Peter Gatien in Limelight

Magnolia Pictures
Filmmaker Billy Corben's glitzy documentary, Limelight, follows the rise and demise of New York club lord, Peter Gatien, who ruled the city's nightlife during the 1980s, until his trend-setting establishments, including the eponymous Limelight, were shut down by officials who accused Gatien and his crew of employees of using the popular premises to distribute illegal drugs.

During his reign, Gatien was a master manilulator of New York culture. Every night of the week, tens of thousands of his followers flocked to Gatien's clubs for their recreation of choice.

Was Gaiten A Club King or a Criminal Drug Lord?

During the 1980s, New York nightlife centered around four trendy clubs -- Limelight, Tunnel, Palladium and Club USA -- owned by Peter Gatien, a clever Canadian entrepreneur with a distinguishing eye patch, whose smartly staged nightly 'raves' -- nonstop dancing to blasting audio and mesmerizing light shows -- attracted tens of thousands of followers, and made him very rich.

Limelight, Gatien's most popular club was an Episcopal church transformed into a temple of hedonism, frequented by a mix of celebrities -- Madonna, Liz Taylor, Moby and other pop idols -- and fashionistas, gays, transvestites, youths from the ghettos and suburbs. There they escaped the humdrum, explored their senses and exploded with uninhibited lust.

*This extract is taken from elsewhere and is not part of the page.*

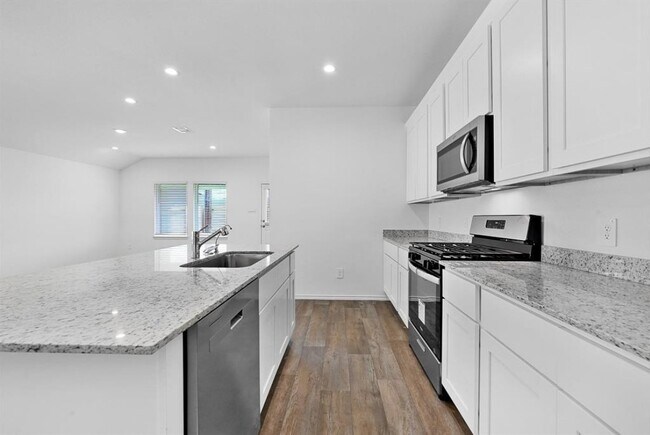 Foto del edificio - 4243 Brinkworth Dr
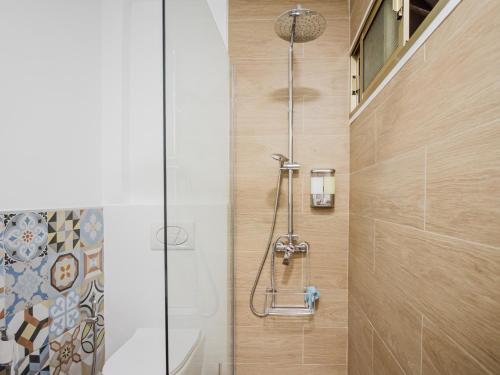 Apartment image 10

Gatien's aura was edgy, wild. Authorities pegged his clubs as dangerous elements in the matrix of crime and violence then plaguing New York.

That the clubs were havens for drug users who scored cocaine, ecstasy and other psychotropics to expand the rave euphoria was common knowledge. Gatien's policy may have been NO DRUGS, but patrons tell of playing 'What's My Line,' a game in which they sniffed lines of white powders, guessing what drugs they were. The last one standing won.

In the 90s, during Giuliani Time, the city's anti-crime mayor targeted the club king for investigation. That, and curtailment of wild clubbing due to AIDS-engendered fears, crumbled Gatien's empire.

The club king spent much of his fortune defending himself and was, eventually, deported to Canada, where he now resides.

Now, that's an appetizing story, but how well does Limelight serve it up?

The Filmmaker's Vision

If you've seen Billy Corben's previous films, you might suspect that the Miami-based filmmaker is obsessed with the drug scene. Corben's two Cocaine Cowboys documentaries and other films are about illegal drugs, drug dealers, distribution and users.

Drugs also play a principal role in Limelight, where they're repeatedly discussed by Gatien, his employees and detractors, and others whom Corben interviewed for the film. Hardly a sentence fails to mention drugs, barely an inch of footage is without a drug reference. Even archival clips of Limelight-ers dancing, posing or smooching have voice over narration putting drugs into the picture.

Limelight is as much about drug culture as it is about Gatien's rise and demise. And, the drug theme is reflected in the film's style: Gatien and others are photographed so they appear slightly distorted. Their images are enhanced with colors suggesting psychedelics at play. They're situated in psychedelically suggestive settings.

For example, Gatien sits in front of a glowing flamingo pink backdrop and his hands, held in front of his body, are tinted green.

The sound track has mind-bending elements: Voices have subtle audio distortions, and the score's an insistent barrage of fast-paced non-melodic thumping, the sort used at crowded social gatherings to elevate heart rates and force people to mingling by standing close and yelling into each other's ears.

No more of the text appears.